PyTorch's matmul triggers different kernels to cublasSgemm

I’m trying to write a batched-gemm operator where each input has different shapes, following is a script I used for profiling and debugging:

import torch
import myop
import time

m = torch.tensor([100, 128, 20, 284, 89, 10, 82, 92, 10, 20, 30, 100, 128, 20, 284, 89, 10, 82, 92, 10, 20, 30,
                  100, 128, 20, 284, 89, 10, 82, 92, 10, 20, 30, 100, 128, 20, 284, 89, 10, 82, 92, 10, 20, 30])
k = torch.tensor([48, 256, 33, 92, 17, 520,  48, 256, 33, 92, 17, 520, 48, 256, 33, 92, 17, 520, 33, 92, 17, 520,
                  48, 256, 33, 92, 17, 520,  48, 256, 33, 92, 17, 520, 48, 256, 33, 92, 17, 520, 33, 92, 17, 520])
n = torch.tensor([200, 30, 17, 30, 200, 30, 17, 30, 200, 30, 17, 30, 200, 30, 17, 30, 200, 30, 17, 30, 200, 30,
                  200, 30, 17, 30, 200, 30, 17, 30, 200, 30, 17, 30, 200, 30, 17, 30, 200, 30, 17, 30, 200, 30])

A_arr = []
B_arr = []
C_arr = []

for mi, ni, ki in zip(m.tolist(), n.tolist(), k.tolist()):
    A_arr.append(torch.rand(mi, ki).to(0))
    B_arr.append(torch.rand(ki, ni).to(0))
    C_arr.append(torch.rand(mi, ni).to(0))

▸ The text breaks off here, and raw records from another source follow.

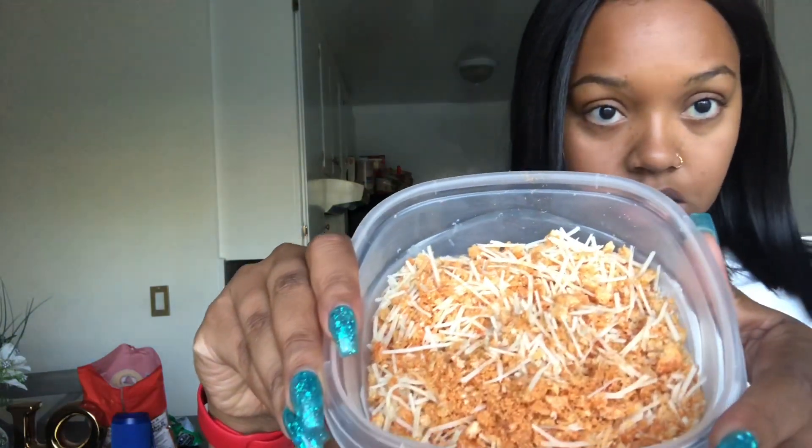So I'm finished with my pork rinds and Parmesan cheese mixture. You should have it about half and half, but try to do enough so that you don't have to do it again. I'm only doing two pieces of chicken, and depending on how big they are, that determines how much crust you're gonna need.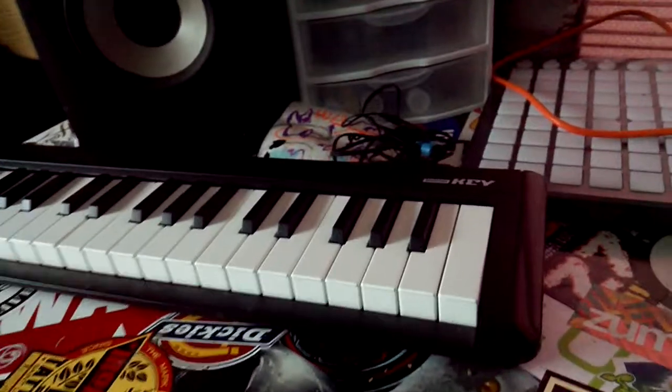What's up guys, it's Shadow. A lot of people have been asking me what my setup is, so I got my micro-key keyboard, laptop, audio interface, studio speakers, and launchpad.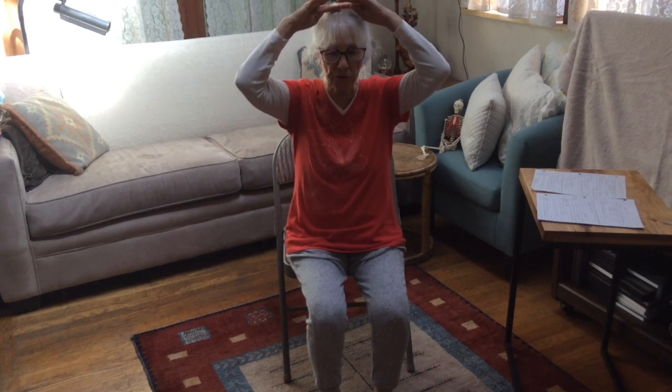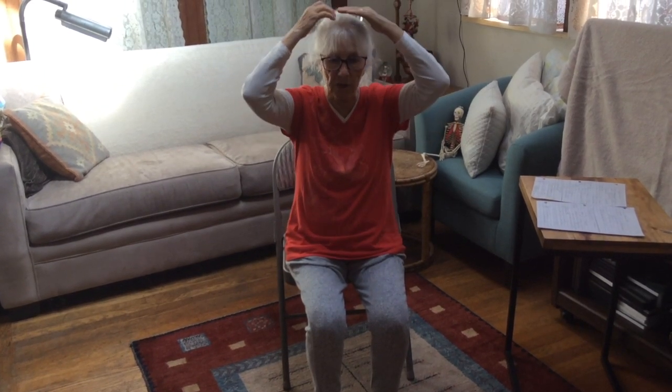We're going to be using the pandiculation process. Pandiculation is a technique that Thomas Hanna created, devised from his studies of animal physiology. As it applies to humans, this is a voluntary pandiculation technique — it uses the motor cortex of the brain, which controls and organizes voluntary movement. What's so fabulous about pandiculation is that it resets the resting level of the muscles.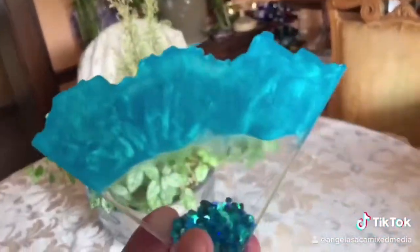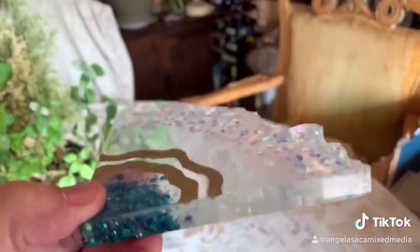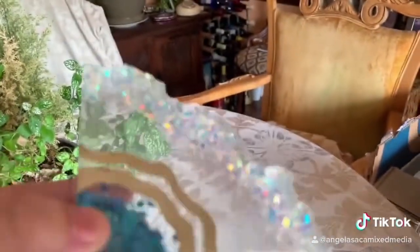Gorgeous, gorgeous, nice coasters, little coasters with glitter on the top, glitter on the bottom, turned out beautiful, look at that.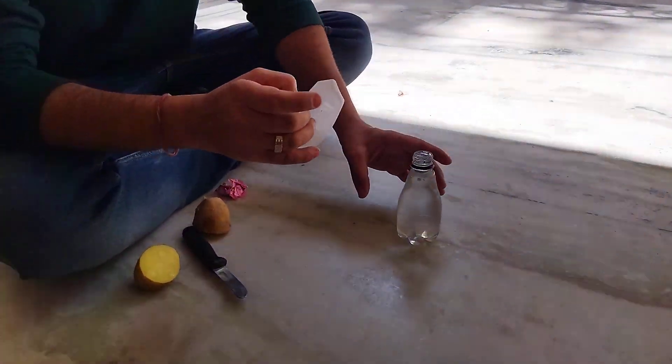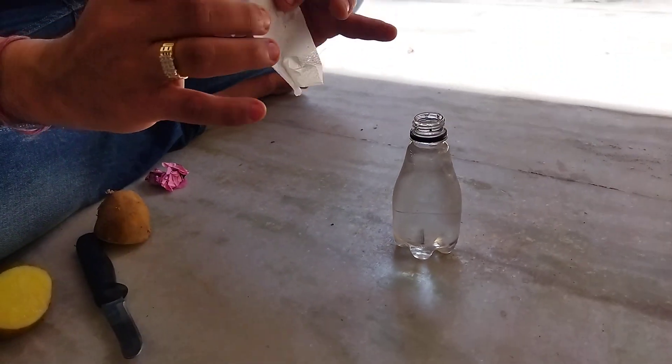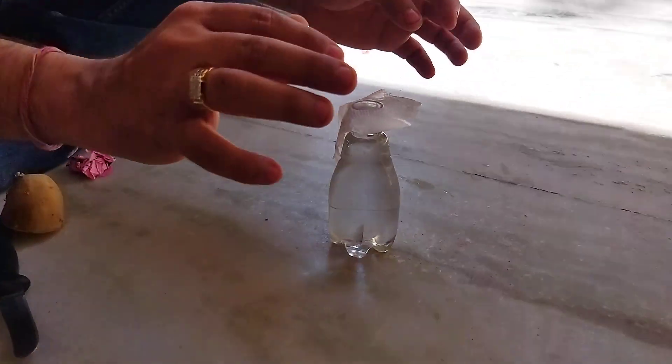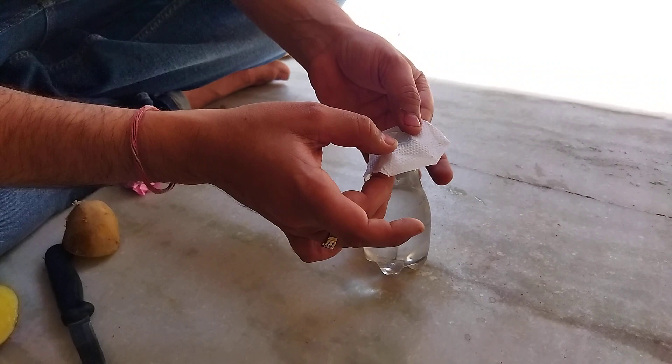Hey guys, for this particular activity I need a bottle containing water filled to the brim. I'll take a normal tissue paper — you have to place it very, very carefully like this. Once it is done, remove the extra paper.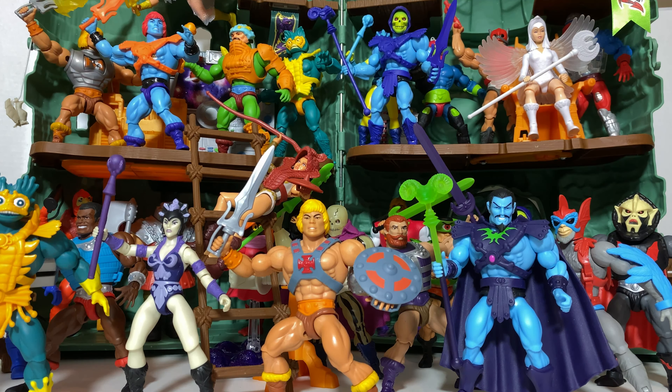Greetings fanboys and fangirls, Jared here with another video from Fanboys Forever. Here we have what I'd like to refer to as Volume 2 of our top 30 Masters of the Universe Origins figures.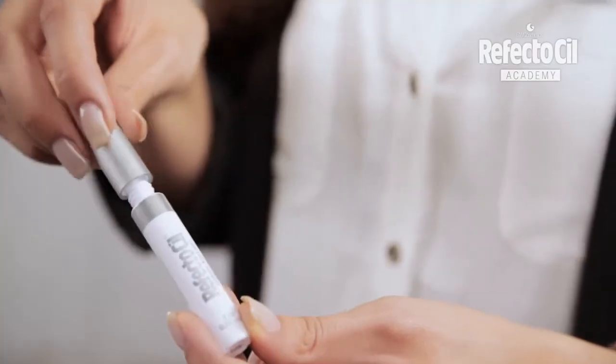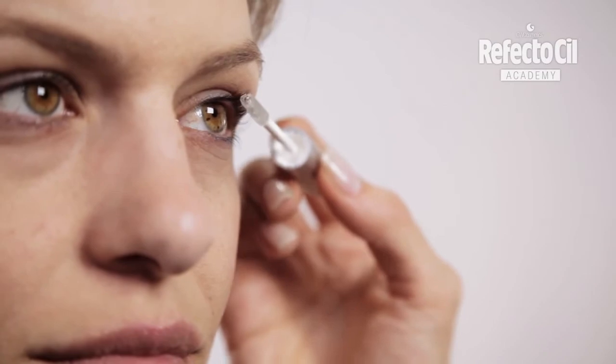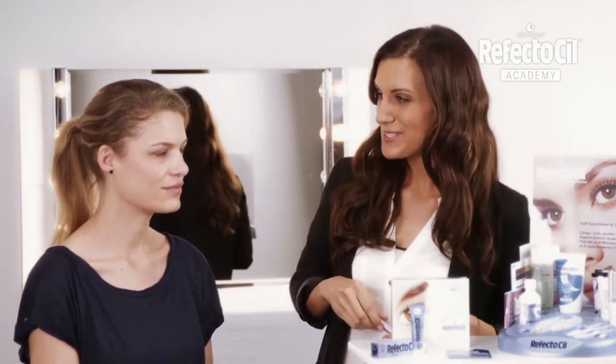And for a perfect finish I'll use the Long Lash Gel on her eyelashes. After the treatment the eyes look even bigger and the whole look is even more seductive.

A = torch.cat([_.view(-1) for _ in A_arr], 0)
B = torch.cat([_.view(-1) for _ in B_arr], 0)
C = torch.cat([_.view(-1) for _ in C_arr], 0)

torch.cuda.synchronize()
tic = time.time()
for _ in range(100):
    for i in range(len(m)):
        Ai = A_arr[i]
        Bi = B_arr[i]
        Ci = Ai @ Bi

torch.cuda.synchronize()
toc = time.time()
print(toc - tic)

tic = time.time()
for _ in range(100):
    myop.multiple_gemm(A, B, C, m, n, k, False, False)

torch.cuda.synchronize()
toc = time.time()
print(toc - tic)

where myop is a C++ extension I wrote which basically calls cublasSgemm (non-transpose for both operands) operator for each (a, b, c) in the batch sequentially and only uses a single stream.

However, I found that myop’s execution time is longer than sequentially apply torch.matmul in Python. To investigate the reason I use nsight-system to get more insights:

I found that PyTorch only triggers sgemm_32x32x32_NN_vec kernel while myop trigger multiple kinds of kernels including maxwell_sgemm_128_64_nn and sgemm_32x32x32_NN_vec, and I can confirm that both ways produce exactly the same result. I was wondering that what’s PyTorch behavior for GEMM on GPU, has it enabled some environment variable that might force cublas to not select kernel in the default way, etc?

No, cublas env variables are not set, so I assume your manual implementation might just call into more cublas operations. Are these operations always called in your implementation?